Department of Labor Logo United States Department of Labor
Dot gov

The .gov means it's official.
Federal government websites often end in .gov or .mil. Before sharing sensitive information, make sure you're on a federal government site.

Https

The site is secure.
The https:// ensures that you are connecting to the official website and that any information you provide is encrypted and transmitted securely.

Productivity
Bureau of Labor Statistics > Productivity > Publications > Articles and Research

Dispersion Statistics on Productivity

A Joint Project

BLS emblem census bureau logo

 

How does productivity vary by establishment?

On September 26, 2023, the Bureau of Labor Statistics (BLS) and the U.S. Census Bureau updated an experimental data product, Dispersion Statistics on Productivity (DiSP). The first release of DiSP was in 2019. DiSP covers all 86 4-digit North American Industry Classification System (NAICS) manufacturing industries for the years 1987 through 2020. Industry classifications conform to the NAICS 2012 structure. Detailed information on the construction of this data product is available in the working paper, "Dispersion in Dispersion: Measuring Establishment-Level Differences in Productivity," which was published in the Review of Income and Wealth.

A peek at the patterns underlying industry productivity

Some industries have a wider spread, or dispersion, than others between more productive establishments and less productive establishments. This has important implications for how productivity (the ratio of outputs to inputs) changes in the industry as a whole over time. The official industry productivity statistics published by BLS are, after all, the weighted average productivity of all the establishments that make up the industry.

You may have a picture in your mind of how a certain industry’s productivity distribution looks. Are some establishments rising stars of productivity, leaping far above average during times of rapid change, while others struggle to improve productivity? These dynamics lead to a widening distribution. Do most establishments tend to rise and fall together with the business cycle? This pattern might suggest a compressed or stable distribution of productivity.
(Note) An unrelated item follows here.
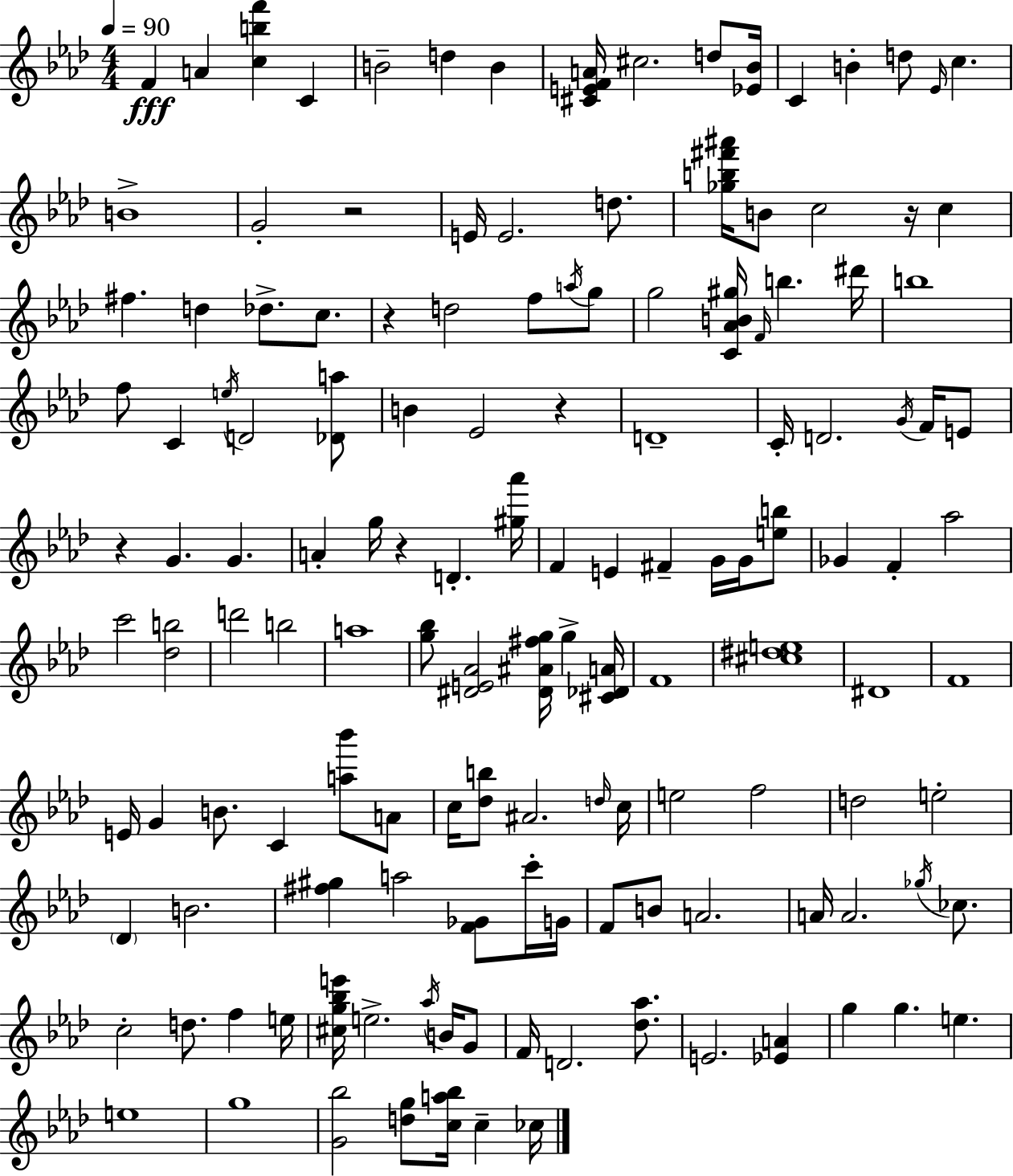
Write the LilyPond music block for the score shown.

comparison of a high dispersion industry and low dispersion industry on a box and whisker plot showing the 25th percentile, average establishment, and 75th percentile.  The low dispersion is much closer together.

 

DiSP provides statistics on establishment-level distributions of real gross output per hour worked and total factor productivity (gross output per unit of combined inputs). The primary data sources include microdata from the Census Bureau's Annual Survey of Manufactures (ASM), Census of Manufactures (CM), and Longitudinal Business Database (LBD). We also use industry-level data from the BLS Current Population Survey (CPS). To improve our understanding of productivity distributions within industries, DiSP includes an array of summary statistics: standard deviations, interquartile ranges (comparing productivity at the 75th and 25th percentiles), and interdecile ranges (comparing productivity at the 90th and 10th percentiles) of the within-industry distributions of establishment-level productivity levels. DiSP also presents comparisons between the 10th and 1st percentiles and between the 90th and 99th percentiles of within-industry distributions of establishment-level productivity levels. All sample data are frequency weighted. Furthermore, the data set includes activity-weighted versions of these dispersion measures where the weights are based upon the denominator of the relevant productivity measure. As an example, for output per hour worked, the activity weights are defined by hours shares.

BLS and the Census Bureau welcome feedback. In addition, restricted-use microdata are available for qualified researchers on approved projects in the Federal Statistical Research Data Centers (FSRDC).

Note: for measures of spatial variation in productivity, please see BLS measures of state productivity.

Back to Index Back to Index

What are productivity dispersion statistics?

DiSP differs in substantial ways from other BLS series of labor productivity in 4-digit NAICS manufacturing industries. These diagrams summarize the basic differences in source data, methodology, and the end products.

Dispersion Statistics on Productivity

For dispersion statistics, we first calculate an establishment’s productivity as revenues (adjusted for price change) per unit of input. The input unit could be hours worked (for gross output productivity measures) or all factor input costs (for our total factor productivity measures). We then take natural logarithms of establishment productivity and subtract the average productivity in its 4-digit industry to get a roughly zero-centered normal distribution around the industry's average productivity.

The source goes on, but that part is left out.